Is the “show us your papers” ethos of Arizona’s S.B. 1070 coming to New York State’s school children?
That’s what the New York Civil Liberties Union contends, in a story in today’s New York Times. Twenty percent of public school districts around the state, writes Nina Bernstein, are requiring families to provide documentation that will show their immigration status. The requirements range from the seemingly banal (showing a social security card), to the blatantly obvious (demanding a non-resident alien card).
None of it is constitutional, though.
It is legal for school districts to require families to show proof of residency in their district (requiring, say, a utility bill), but it is unlawful to require them to prove legal federal residency. This was decided in 1982 in Plyler v. Doe, which found that states must provide all children, regardless of status, a public education. The Times quotes Justice Harry Blackmun’s concurring opinion, in which he wrote that not providing even the same social benefits like public school to non-residents “raises the specter of a permanent caste of undocumented resident aliens, encouraged by some to remain here as a source of cheap labor.”
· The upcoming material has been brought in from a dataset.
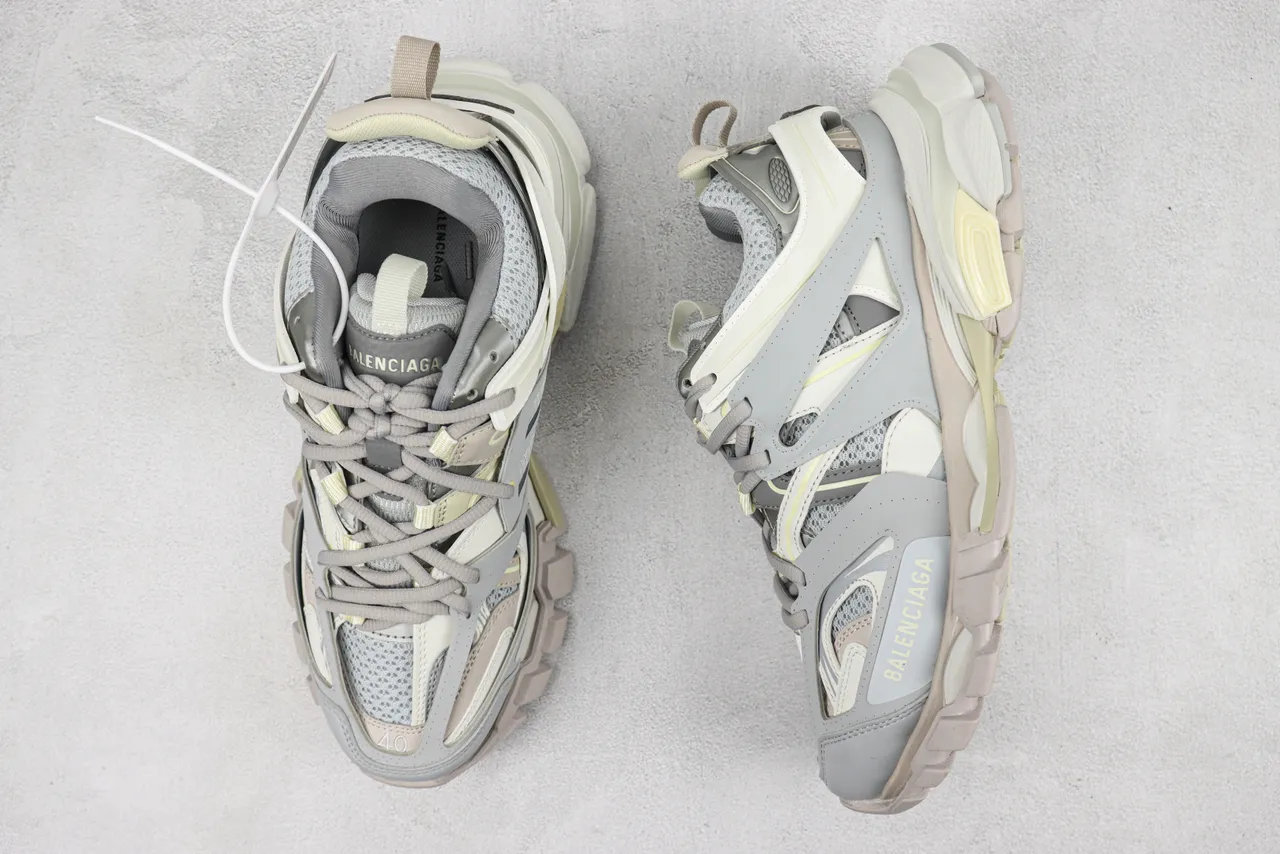 Balenciaga Gray Beige Oversized Cage-Overlay Chunky Sneakers 3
The article says that New York has done far less than other states at reigning in local school districts to comply with this federal ruling. It also contends that, although the NYCLU has found 139 different school districts asking for immigration information, they have yet to find one child denied entrance to school because of a lack of immigration papers. However, their fear is that families that fear being exposed won’t complain and will just not enroll their kids in school at all.